Mauricio Pochettino conserve tout de même des liens privilégiés avec Barcelone et garde un appartement dans le quartier de l’Espanyol situé dans les hauteurs de la ville, où il aime revenir passer ses vacances avec ses fils, qui ont tous deux vu le jour dans la cité catalane. D’ailleurs, ils aiment rappeler à qui veut l’entendre que ses deux enfants ont grandi avec des pyjamas de l’Espanyol.

Désormais à Paris, sa personnalité semble faire l’unanimité et avoir fédéré les joueurs. Comme l’illustre cette anecdote que Pochettino a racontée après le match aller contre le FC Barcelone à propos du « cadeau » que lui a offert Mbappé.

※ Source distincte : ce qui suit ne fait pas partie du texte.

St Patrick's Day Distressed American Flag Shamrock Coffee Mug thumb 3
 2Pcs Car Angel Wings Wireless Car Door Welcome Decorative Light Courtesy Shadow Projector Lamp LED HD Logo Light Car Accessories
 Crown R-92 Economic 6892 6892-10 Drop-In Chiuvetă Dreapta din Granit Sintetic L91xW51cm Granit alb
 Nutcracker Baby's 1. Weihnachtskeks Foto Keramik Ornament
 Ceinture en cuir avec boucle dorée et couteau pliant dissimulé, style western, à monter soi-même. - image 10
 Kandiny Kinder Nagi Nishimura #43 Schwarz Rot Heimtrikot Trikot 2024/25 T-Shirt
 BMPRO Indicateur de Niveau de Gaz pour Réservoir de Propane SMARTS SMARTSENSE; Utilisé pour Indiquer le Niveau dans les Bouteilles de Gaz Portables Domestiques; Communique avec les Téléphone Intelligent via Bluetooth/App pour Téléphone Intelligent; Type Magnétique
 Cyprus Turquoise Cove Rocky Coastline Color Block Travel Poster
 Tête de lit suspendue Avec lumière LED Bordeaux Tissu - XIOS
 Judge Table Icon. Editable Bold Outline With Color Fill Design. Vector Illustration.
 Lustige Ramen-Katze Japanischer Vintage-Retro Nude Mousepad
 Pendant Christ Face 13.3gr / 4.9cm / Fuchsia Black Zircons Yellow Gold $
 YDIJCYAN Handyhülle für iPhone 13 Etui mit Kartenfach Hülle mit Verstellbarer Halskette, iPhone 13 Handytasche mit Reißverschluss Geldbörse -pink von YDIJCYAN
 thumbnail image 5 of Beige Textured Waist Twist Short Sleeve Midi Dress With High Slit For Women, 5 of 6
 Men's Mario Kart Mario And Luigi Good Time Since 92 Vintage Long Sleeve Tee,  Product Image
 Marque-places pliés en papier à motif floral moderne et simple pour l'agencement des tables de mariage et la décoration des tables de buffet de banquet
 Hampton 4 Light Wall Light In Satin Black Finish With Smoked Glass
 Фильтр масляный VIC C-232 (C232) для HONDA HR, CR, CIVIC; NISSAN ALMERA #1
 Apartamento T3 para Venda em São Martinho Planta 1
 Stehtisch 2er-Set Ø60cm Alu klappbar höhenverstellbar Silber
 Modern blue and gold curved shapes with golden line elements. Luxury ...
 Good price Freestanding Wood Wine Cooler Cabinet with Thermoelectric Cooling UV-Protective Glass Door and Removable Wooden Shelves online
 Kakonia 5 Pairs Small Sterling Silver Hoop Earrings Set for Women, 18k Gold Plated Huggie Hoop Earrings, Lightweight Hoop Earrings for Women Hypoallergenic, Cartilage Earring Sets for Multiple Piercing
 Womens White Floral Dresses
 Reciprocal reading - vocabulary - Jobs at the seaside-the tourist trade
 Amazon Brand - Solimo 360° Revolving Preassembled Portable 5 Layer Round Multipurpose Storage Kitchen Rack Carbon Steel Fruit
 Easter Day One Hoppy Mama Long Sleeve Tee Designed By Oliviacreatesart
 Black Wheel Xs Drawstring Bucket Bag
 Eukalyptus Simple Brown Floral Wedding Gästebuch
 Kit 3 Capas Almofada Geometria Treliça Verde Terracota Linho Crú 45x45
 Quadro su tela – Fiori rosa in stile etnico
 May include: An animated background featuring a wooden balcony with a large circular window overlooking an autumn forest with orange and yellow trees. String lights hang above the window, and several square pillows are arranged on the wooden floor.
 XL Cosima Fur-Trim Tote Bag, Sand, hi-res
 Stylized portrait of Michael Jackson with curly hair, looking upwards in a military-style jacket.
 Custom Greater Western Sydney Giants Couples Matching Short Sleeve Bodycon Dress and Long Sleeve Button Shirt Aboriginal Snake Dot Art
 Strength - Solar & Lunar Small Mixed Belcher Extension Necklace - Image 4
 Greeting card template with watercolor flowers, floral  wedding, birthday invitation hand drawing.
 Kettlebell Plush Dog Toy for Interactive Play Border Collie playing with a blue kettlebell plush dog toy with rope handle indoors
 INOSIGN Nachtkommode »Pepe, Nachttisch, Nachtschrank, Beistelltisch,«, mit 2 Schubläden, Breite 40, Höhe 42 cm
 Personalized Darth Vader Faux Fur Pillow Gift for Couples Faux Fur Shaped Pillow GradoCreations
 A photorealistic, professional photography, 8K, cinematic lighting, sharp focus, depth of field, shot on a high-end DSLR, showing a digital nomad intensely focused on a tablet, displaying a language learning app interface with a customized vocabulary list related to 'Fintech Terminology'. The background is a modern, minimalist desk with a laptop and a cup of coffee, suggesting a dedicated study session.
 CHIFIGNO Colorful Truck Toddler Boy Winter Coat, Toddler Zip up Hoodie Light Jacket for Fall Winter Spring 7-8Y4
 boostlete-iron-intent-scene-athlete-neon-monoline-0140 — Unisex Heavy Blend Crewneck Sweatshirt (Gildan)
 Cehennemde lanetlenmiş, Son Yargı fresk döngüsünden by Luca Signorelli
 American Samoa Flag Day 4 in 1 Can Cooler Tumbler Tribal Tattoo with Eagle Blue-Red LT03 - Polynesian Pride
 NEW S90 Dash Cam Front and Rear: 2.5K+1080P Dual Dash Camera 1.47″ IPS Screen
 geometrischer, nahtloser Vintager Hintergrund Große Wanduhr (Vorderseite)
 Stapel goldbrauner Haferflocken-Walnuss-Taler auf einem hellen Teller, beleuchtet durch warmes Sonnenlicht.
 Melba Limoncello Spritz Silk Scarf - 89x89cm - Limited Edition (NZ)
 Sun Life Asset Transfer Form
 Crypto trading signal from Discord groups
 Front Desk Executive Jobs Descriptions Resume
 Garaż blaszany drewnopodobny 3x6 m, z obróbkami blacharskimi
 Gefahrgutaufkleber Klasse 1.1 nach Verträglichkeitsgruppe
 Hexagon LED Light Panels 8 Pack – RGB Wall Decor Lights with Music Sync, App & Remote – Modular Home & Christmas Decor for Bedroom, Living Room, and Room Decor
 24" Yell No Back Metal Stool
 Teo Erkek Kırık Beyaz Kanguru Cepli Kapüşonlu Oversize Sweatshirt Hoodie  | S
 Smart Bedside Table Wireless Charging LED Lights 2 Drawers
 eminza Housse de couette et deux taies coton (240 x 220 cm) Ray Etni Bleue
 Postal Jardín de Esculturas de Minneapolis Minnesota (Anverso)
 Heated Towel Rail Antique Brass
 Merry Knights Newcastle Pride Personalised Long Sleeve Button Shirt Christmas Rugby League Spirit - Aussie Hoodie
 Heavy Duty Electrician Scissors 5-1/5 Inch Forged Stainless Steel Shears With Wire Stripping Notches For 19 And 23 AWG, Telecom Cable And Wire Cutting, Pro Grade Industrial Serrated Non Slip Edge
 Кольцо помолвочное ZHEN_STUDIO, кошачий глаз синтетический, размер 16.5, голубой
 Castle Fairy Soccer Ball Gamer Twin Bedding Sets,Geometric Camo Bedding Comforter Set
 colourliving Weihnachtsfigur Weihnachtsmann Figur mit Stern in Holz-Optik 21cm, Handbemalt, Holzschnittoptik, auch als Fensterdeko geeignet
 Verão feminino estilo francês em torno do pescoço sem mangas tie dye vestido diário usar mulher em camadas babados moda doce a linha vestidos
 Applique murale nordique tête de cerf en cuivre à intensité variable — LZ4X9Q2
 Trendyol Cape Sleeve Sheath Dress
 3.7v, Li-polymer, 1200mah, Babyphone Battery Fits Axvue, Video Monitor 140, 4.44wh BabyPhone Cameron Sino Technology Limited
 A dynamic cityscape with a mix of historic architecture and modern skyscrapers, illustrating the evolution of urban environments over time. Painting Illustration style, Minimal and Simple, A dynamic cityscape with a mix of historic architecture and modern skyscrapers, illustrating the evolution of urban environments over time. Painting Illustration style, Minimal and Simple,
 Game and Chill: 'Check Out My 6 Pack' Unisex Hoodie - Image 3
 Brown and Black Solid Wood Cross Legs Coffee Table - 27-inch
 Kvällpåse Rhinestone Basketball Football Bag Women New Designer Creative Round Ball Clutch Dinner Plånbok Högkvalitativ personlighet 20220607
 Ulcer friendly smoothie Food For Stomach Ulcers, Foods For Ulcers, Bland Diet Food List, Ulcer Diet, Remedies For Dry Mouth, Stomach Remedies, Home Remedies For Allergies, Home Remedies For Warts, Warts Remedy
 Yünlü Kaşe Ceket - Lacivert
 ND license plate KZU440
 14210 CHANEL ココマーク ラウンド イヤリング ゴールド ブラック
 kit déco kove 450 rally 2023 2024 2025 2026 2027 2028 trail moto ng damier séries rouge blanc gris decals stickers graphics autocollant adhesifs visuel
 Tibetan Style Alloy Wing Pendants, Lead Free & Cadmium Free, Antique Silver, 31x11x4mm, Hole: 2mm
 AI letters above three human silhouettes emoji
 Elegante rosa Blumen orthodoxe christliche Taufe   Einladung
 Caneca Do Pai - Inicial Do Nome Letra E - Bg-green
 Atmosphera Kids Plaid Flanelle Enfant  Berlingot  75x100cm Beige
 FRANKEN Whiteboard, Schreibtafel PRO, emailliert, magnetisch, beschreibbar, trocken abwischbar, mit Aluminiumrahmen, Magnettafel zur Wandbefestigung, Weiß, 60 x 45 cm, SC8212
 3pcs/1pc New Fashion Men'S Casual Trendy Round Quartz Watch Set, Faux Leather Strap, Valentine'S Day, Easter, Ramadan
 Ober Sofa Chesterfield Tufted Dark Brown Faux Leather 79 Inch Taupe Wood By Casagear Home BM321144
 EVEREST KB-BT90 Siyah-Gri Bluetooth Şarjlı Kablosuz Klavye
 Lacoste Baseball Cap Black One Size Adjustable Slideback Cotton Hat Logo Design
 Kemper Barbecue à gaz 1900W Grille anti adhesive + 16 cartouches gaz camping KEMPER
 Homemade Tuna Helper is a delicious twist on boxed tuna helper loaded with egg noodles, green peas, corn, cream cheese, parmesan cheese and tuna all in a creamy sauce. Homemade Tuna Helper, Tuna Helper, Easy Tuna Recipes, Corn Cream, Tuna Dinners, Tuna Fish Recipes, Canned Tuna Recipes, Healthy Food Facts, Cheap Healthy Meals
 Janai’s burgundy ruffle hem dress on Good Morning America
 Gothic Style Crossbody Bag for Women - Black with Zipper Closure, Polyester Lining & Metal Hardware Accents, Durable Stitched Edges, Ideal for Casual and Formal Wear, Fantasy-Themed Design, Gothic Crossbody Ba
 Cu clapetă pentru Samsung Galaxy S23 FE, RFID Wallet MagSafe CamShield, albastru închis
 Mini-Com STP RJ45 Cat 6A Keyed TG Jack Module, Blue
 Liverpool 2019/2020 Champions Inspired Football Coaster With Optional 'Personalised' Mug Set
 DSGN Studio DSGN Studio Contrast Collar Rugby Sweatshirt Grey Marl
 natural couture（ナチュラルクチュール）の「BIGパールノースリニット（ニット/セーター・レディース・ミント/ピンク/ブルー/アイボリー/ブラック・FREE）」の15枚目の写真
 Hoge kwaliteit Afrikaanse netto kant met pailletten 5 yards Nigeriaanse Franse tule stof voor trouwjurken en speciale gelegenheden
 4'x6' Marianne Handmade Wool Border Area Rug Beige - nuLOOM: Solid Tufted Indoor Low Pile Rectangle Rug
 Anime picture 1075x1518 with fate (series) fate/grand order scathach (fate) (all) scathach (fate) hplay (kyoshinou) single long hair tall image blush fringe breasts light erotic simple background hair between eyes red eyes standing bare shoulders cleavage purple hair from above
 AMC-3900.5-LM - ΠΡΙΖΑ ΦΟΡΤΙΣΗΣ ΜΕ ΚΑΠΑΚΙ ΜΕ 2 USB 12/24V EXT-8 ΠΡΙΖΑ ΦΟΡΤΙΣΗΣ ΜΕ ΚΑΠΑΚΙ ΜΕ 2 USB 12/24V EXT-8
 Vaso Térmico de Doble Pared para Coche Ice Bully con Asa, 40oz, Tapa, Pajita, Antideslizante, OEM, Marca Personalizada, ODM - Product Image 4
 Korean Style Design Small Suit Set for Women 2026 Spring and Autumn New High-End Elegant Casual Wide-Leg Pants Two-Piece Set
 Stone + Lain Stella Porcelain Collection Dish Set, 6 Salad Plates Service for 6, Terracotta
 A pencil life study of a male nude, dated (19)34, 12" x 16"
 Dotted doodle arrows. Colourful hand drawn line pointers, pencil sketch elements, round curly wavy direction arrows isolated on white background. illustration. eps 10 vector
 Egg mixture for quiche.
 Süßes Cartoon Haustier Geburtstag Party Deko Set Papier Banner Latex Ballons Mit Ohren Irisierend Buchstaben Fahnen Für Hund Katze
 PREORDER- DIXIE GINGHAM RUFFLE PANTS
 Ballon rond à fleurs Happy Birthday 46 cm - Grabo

« Kylian se sentait bien avant le match. À l’entraînement, il m’a demandé : ‘Combien de fois as-tu gagné au Camp Nou ?’. Je lui ai répondu ‘une fois’ avec l’Espanyol. Et il m’a dit : ‘Demain, ça sera la deuxième’ », avait promis le jeune prodige français. Et là, à la fin du match, il m’a dit : ‘Je t’avais dit qu’on gagnerait la deuxième’. »

Reste à finir le travail en ne tremblant pas à domicile face au Barça ce mercredi 10 mars.